Sarah Oh is a nonresident fellow at the Atlantic Council’s Digital Forensic Research Lab and founding team member of T2, a public short-text platform that aims to put responsible design first. 

Oh has more than a decade of experience, most recently serving as human rights advisor at Twitter and leading Facebook’s crisis-response efforts in the Asia Pacific and South Asia as a senior member of the Strategic Response Team within the office of the chief executive officer and chief operating officer. In this role, she oversaw Facebook’s response to the Rohingya refugee crisis in Myanmar. 

Before Facebook, Oh collaborated with civil society in Myanmar to address online hate speech and promote digital rights during the country’s ‘connectivity revolution.’ Ahead of Myanmar’s 2015 elections, Oh established education programs and events to develop digital voter education tools that reached millions of voters online.

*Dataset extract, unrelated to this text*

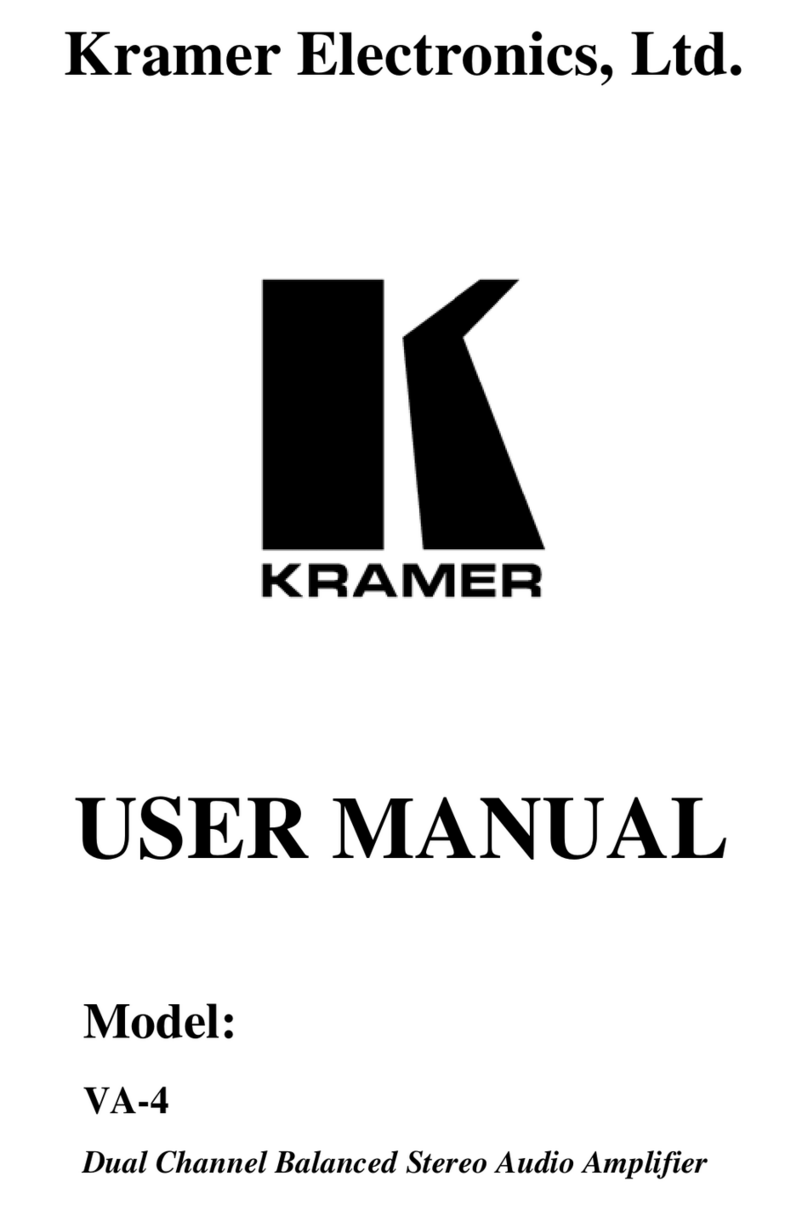 Kramer VA-4 Manuel utilisateur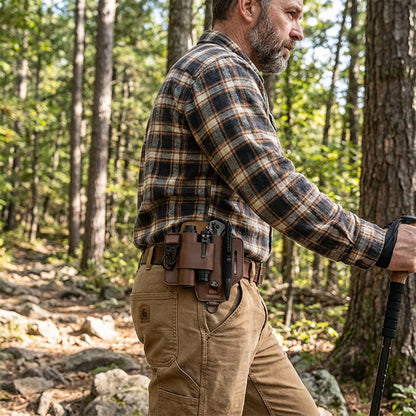 Verktygsholster i PU-läder med bältesloop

Oh began her career at the National Democratic Institute where she served as the nonprofit’s inaugural Silicon Valley Partnerships Representative. In addition to establishing strategic relationships between tech companies and civic groups, she provided oversight on projects leveraging open data to help citizens engage in politics. She also organized legislative exchange programs for the House Democracy Partnership, a bipartisan commission of the US House of Representatives that convened legislators from emerging democracies to share strategies for accountability and transparency.

Oh advises company executives, elected officials, and nonprofits on responsible business growth, equitable partnerships, atrocity prevention, conflict mediation, and transitional justice. She has worked on assignments focused on Southeast Asia, the Western Balkans, North Korea, West Africa, and Panama.

Oh received her bachelor’s degree with honors in political science from Northwestern University and was previously a visiting scholar at the Center for Information Technology Research in the Interest of Society and the Banatao Institute at the University of California.